HOmo sapiens COmprehensive MOdel COllection (HOCOMOCO) contains transcription factor (TF) binding motifs represented as classic Position Weight Matrices (PWMs, also known as Position-Specific Scoring Matrices, PSSMs).
The PCM to PWM conversion scheme used in HOCOMOCO follows that of MACRO-APE, see the respective manual, page 20–21. Uniform background was used in this process, as well as when estimating the downloadable threshold-to-P-value tables.
HOCOMOCO motifs were constructed with ChIPMunk by systematic motif discovery from thousands of ChIP-Seq and HT-SELEX datasets. Please refer to the HOCOMOCO v12 paper for more details on the motif discovery procedure.
[Motif finding; Sequence scanning]
HOCOMOCO provides PWMs accompanied by precomputed score thresholds. The thresholds and P-value for HOCOMOCO v12 motifs are estimated against uniform background probabilities. To interactively visualize predicted TFBS in a small set of sequences we provide MoLoTool. For large-scale analysis, we suggest using command-line tools, such as our SPRY-SARUS or MEME's FIMO.
[Motif benchmarking; Performance metrics]

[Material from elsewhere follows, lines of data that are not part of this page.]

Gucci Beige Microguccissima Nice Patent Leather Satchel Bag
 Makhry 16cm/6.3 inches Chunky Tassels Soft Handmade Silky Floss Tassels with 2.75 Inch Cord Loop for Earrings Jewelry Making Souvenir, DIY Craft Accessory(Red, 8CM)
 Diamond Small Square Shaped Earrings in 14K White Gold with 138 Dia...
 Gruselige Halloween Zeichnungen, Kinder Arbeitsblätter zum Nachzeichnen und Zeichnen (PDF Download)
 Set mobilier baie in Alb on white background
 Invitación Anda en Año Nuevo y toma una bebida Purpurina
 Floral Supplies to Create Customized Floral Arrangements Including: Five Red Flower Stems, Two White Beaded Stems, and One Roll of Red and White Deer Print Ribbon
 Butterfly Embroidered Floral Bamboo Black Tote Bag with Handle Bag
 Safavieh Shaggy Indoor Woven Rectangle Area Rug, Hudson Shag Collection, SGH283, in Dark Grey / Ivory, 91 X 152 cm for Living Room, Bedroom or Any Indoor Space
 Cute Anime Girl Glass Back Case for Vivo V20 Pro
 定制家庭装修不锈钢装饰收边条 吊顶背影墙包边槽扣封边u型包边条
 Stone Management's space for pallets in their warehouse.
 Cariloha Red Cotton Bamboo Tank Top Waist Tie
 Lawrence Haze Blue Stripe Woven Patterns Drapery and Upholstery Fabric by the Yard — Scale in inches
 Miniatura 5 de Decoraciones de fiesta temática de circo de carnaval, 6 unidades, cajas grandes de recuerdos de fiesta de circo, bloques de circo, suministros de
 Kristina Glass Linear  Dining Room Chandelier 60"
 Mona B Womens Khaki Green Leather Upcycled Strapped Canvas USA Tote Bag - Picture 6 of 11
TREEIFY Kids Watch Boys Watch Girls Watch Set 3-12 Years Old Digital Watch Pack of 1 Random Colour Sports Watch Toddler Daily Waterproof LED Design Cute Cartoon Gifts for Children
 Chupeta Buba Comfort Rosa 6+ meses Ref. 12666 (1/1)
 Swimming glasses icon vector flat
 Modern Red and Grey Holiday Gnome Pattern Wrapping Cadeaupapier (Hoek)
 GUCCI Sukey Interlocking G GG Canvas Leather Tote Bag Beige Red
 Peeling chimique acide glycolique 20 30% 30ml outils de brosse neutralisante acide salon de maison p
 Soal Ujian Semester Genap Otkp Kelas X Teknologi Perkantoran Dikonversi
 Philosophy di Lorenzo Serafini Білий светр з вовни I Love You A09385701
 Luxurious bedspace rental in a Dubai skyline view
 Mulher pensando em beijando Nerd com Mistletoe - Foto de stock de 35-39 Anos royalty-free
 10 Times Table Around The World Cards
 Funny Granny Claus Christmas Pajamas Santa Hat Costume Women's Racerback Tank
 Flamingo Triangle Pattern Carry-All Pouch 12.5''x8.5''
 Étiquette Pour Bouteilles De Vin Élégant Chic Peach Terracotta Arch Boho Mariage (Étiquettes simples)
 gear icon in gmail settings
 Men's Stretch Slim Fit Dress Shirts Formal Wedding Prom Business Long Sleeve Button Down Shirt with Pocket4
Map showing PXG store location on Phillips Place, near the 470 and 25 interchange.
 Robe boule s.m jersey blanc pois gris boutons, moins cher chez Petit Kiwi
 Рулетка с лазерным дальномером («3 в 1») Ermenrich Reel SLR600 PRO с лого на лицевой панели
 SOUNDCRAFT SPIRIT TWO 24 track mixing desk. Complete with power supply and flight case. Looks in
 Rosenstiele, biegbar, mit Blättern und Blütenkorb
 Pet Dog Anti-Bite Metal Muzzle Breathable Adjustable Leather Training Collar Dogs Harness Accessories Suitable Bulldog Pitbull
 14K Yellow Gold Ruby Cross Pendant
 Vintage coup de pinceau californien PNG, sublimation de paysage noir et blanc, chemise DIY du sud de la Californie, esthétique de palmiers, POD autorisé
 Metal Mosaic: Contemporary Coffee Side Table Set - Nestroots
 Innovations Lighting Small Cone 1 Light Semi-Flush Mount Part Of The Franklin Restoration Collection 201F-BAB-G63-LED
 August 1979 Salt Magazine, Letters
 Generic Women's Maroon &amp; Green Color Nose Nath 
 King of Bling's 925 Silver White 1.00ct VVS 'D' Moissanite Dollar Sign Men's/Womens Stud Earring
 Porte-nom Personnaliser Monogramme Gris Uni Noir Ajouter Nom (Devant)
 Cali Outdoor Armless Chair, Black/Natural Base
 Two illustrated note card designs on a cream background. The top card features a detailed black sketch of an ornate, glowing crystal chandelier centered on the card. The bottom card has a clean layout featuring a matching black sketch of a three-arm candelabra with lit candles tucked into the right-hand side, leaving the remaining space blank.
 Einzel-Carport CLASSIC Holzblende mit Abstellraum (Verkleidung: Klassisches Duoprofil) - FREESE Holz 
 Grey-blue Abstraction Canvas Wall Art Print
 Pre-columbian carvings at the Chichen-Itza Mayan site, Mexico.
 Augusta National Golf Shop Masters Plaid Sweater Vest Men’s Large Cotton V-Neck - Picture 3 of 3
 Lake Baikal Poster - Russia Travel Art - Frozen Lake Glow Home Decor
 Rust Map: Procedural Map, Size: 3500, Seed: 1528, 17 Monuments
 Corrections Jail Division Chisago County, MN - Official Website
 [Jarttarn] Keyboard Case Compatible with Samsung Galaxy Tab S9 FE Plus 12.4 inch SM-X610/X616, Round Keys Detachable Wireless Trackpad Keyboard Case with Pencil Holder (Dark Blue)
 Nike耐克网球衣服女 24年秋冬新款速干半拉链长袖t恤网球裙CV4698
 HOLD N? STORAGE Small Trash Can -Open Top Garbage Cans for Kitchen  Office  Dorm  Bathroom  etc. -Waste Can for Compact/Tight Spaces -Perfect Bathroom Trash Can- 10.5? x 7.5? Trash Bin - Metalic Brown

To assemble the motif collection of HOCOMOCO v12 we have used multiple benchmarking protocols evaluating the motif performance for TFBS recognition in genomic regions (in vivo data, ChIP-Seq), in artificial oligonucleotides (in vitro data, HT-SELEX), and for predicting regulatory single-nucleotide variants and polymorphisms (rSNPs). Please refer to the HOCOMOCO v12 paper for more details on benchmarking protocols and resulting performance metrics.
Each model in the collection has a quality rating from A to D where A represents motifs with the highest confidence. A quality motifs and subtypes were found in both HT-SELEX and ChIP-Seq, B quality motifs are found in at least two different experiments of the same type, and C quality motifs passed expert curation but were found in a single experiment. In the core collection, D quality marks subtypes which included only motifs inherited from HOCOMOCO v11, and in v12 there are only a few such cases. In sub-collections, D quality denotes all motifs not tested in the respective benchmarks (ChIP-Seq for v12-invivo, HT-SELEX for v12-invitro, rSNP for v12-rsnp).
Since v11 the alternative binding motifs of a particular TF are ranked from 0 (the primary model) to 1,2,.. (the alternative motifs). The motifs of 0 rank are the most 'general' variants with the best performance across available data in the benchmark (see the HOCOMOCO v12 paper for details).
HOCOMOCO v12 used two data types for motif discovery: ChIP-Seq and HT-SELEX. The latter came in two variants: traditional HT-SELEX and methyl-HT-SELEX with mCpGs. Additionally, in benchmarking, we used information on differential transcription factor binding to single-nucleotide variants obtained in SNP-SELEX and identified from ChIP-Seq (the allele-specific binding, see ADASTRA).